EXERCISE PROMPT:
Please output exactly the part of the records below that opens with the line containing "Station de premiers" and closes with the line containing "Áreas de convivência", both lines included, and nothing else.

SOURCE MATERIAL:
=== Section Start ===
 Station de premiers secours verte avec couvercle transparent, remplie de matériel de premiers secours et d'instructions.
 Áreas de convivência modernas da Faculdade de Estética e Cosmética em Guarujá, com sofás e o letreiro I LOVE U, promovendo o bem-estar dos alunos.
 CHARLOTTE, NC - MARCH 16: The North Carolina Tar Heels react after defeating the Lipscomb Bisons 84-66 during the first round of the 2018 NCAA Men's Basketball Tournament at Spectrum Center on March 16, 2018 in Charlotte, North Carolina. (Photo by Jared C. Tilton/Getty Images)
=== Section End ===
=== Section Start ===
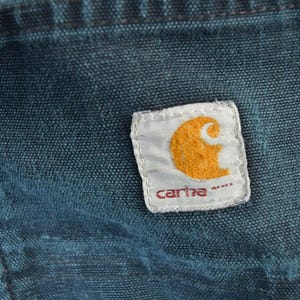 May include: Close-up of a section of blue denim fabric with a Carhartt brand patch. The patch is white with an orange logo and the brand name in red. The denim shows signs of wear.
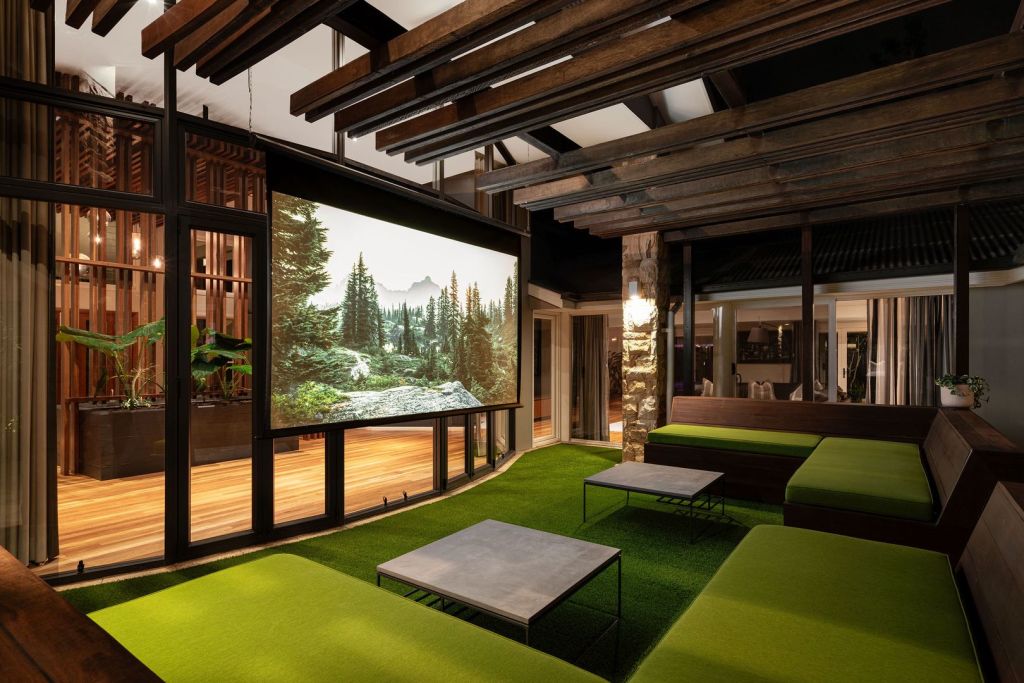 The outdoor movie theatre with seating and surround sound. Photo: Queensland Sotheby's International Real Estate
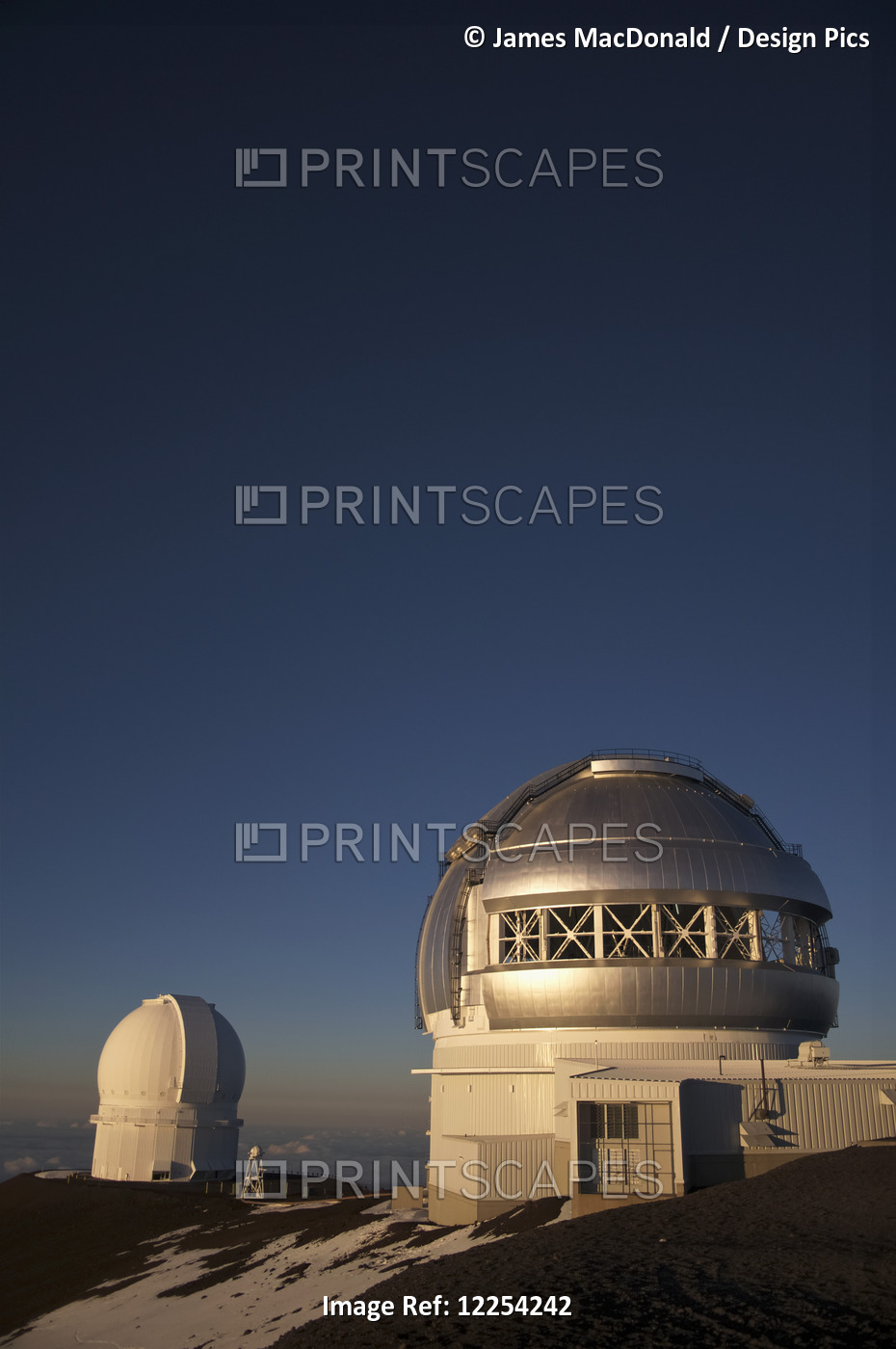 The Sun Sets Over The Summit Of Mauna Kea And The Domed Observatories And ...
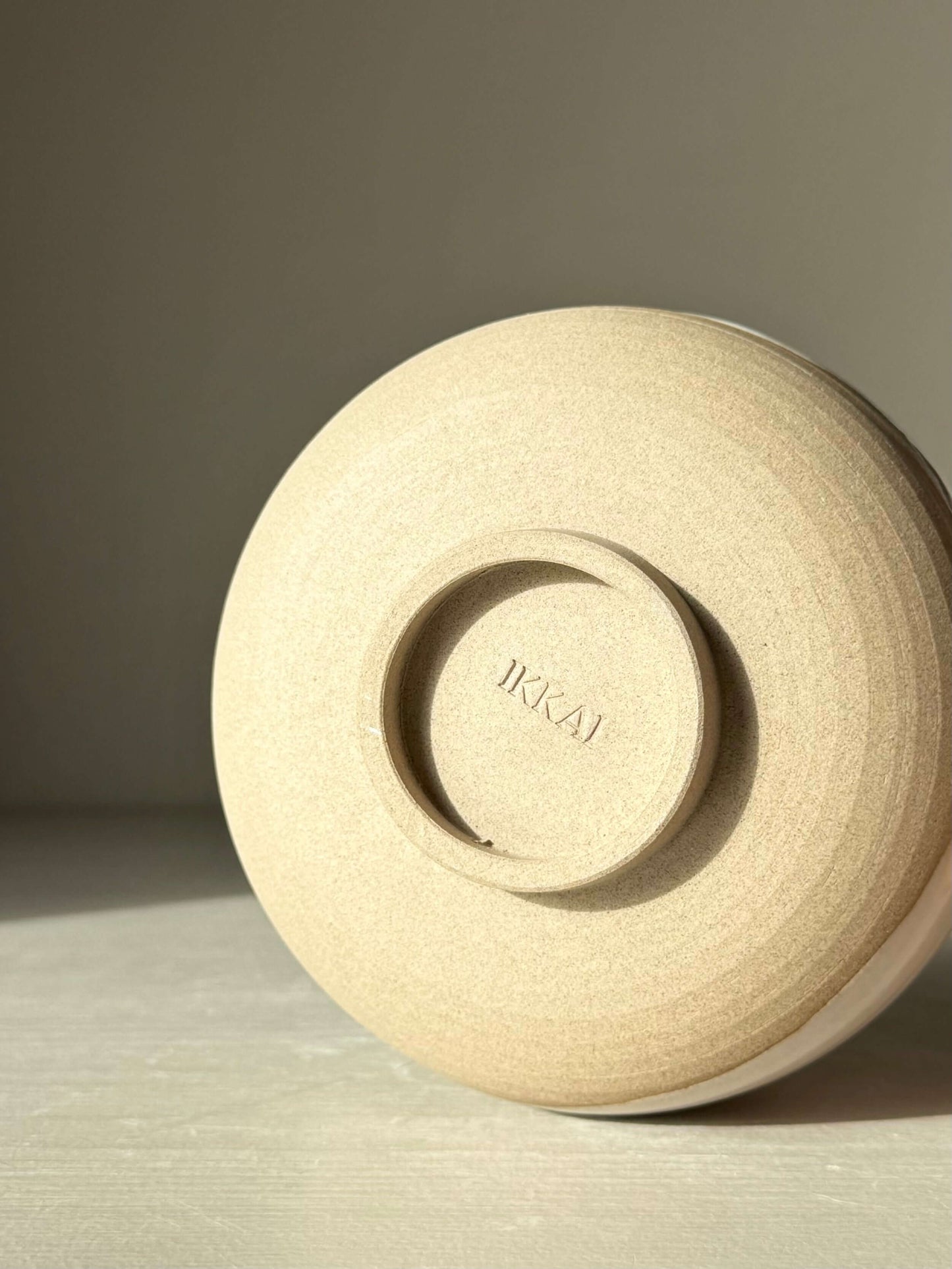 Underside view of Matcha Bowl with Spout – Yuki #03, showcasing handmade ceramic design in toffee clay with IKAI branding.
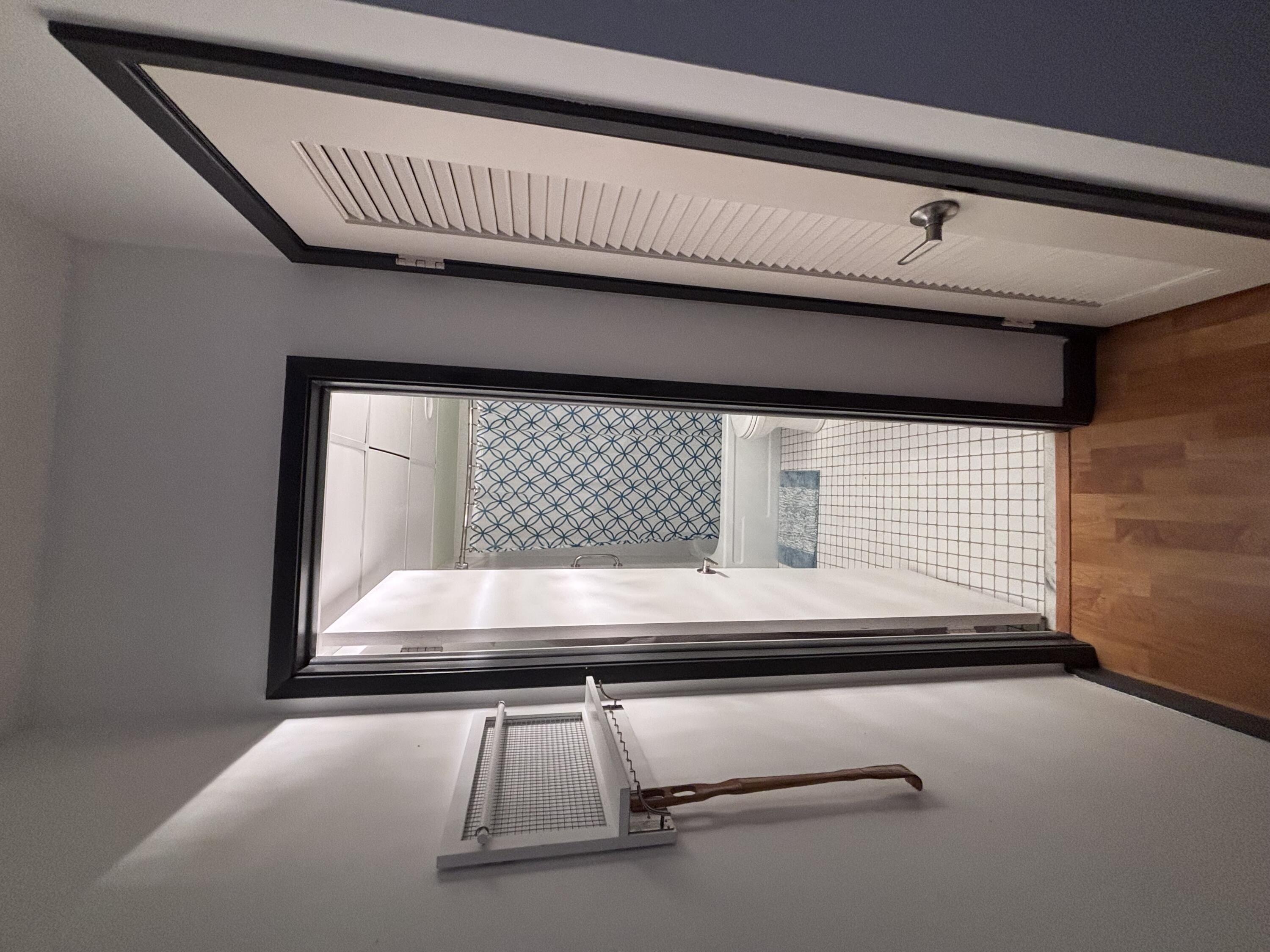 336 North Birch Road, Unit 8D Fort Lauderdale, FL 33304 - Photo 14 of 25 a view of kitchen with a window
=== Section End ===
REPLY:
 Station de premiers secours verte avec couvercle transparent, remplie de matériel de premiers secours et d'instructions.
 Áreas de convivência modernas da Faculdade de Estética e Cosmética em Guarujá, com sofás e o letreiro I LOVE U, promovendo o bem-estar dos alunos.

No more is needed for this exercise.